Web page caption snippets

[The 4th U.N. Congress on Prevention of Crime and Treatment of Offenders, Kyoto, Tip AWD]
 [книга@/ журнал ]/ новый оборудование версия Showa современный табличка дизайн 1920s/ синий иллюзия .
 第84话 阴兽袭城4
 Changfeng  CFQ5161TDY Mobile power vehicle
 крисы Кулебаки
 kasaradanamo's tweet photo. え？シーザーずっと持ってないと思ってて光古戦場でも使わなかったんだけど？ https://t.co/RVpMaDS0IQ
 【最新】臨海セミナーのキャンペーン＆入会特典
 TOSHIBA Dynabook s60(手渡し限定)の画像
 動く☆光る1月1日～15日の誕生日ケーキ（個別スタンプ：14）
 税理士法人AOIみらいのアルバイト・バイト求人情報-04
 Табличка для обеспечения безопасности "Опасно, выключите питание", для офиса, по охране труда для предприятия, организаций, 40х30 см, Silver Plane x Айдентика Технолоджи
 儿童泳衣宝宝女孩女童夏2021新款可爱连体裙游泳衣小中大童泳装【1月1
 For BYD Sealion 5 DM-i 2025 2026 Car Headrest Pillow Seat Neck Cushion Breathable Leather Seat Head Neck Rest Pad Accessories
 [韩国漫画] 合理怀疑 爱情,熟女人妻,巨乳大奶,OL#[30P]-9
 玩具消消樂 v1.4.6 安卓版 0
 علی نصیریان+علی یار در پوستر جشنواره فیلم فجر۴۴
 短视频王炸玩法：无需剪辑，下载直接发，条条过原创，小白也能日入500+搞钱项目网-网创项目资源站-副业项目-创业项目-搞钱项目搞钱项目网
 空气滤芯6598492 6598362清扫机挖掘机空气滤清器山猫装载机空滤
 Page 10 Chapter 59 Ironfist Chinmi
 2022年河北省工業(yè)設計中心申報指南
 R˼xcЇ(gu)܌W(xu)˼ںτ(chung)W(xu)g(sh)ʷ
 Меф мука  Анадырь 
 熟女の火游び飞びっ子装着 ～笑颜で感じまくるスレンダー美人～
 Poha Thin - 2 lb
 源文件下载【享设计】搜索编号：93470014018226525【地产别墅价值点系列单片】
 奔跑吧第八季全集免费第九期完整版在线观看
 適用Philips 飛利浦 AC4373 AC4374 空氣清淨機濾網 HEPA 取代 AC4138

— Problem to solve —
Print exactly the lines from the one containing "[韩国漫画] 合理怀疑 爱情,熟女人妻,巨乳大奶,OL#[30P]-9" through the last line of the records above, both included.

— Output for this task —
 [韩国漫画] 合理怀疑 爱情,熟女人妻,巨乳大奶,OL#[30P]-9
 玩具消消樂 v1.4.6 安卓版 0
 علی نصیریان+علی یار در پوستر جشنواره فیلم فجر۴۴
 短视频王炸玩法：无需剪辑，下载直接发，条条过原创，小白也能日入500+搞钱项目网-网创项目资源站-副业项目-创业项目-搞钱项目搞钱项目网
 空气滤芯6598492 6598362清扫机挖掘机空气滤清器山猫装载机空滤
 Page 10 Chapter 59 Ironfist Chinmi
 2022年河北省工業(yè)設計中心申報指南
 R˼xcЇ(gu)܌W(xu)˼ںτ(chung)W(xu)g(sh)ʷ
 Меф мука  Анадырь 
 熟女の火游び飞びっ子装着 ～笑颜で感じまくるスレンダー美人～
 Poha Thin - 2 lb
 源文件下载【享设计】搜索编号：93470014018226525【地产别墅价值点系列单片】
 奔跑吧第八季全集免费第九期完整版在线观看
 適用Philips 飛利浦 AC4373 AC4374 空氣清淨機濾網 HEPA 取代 AC4138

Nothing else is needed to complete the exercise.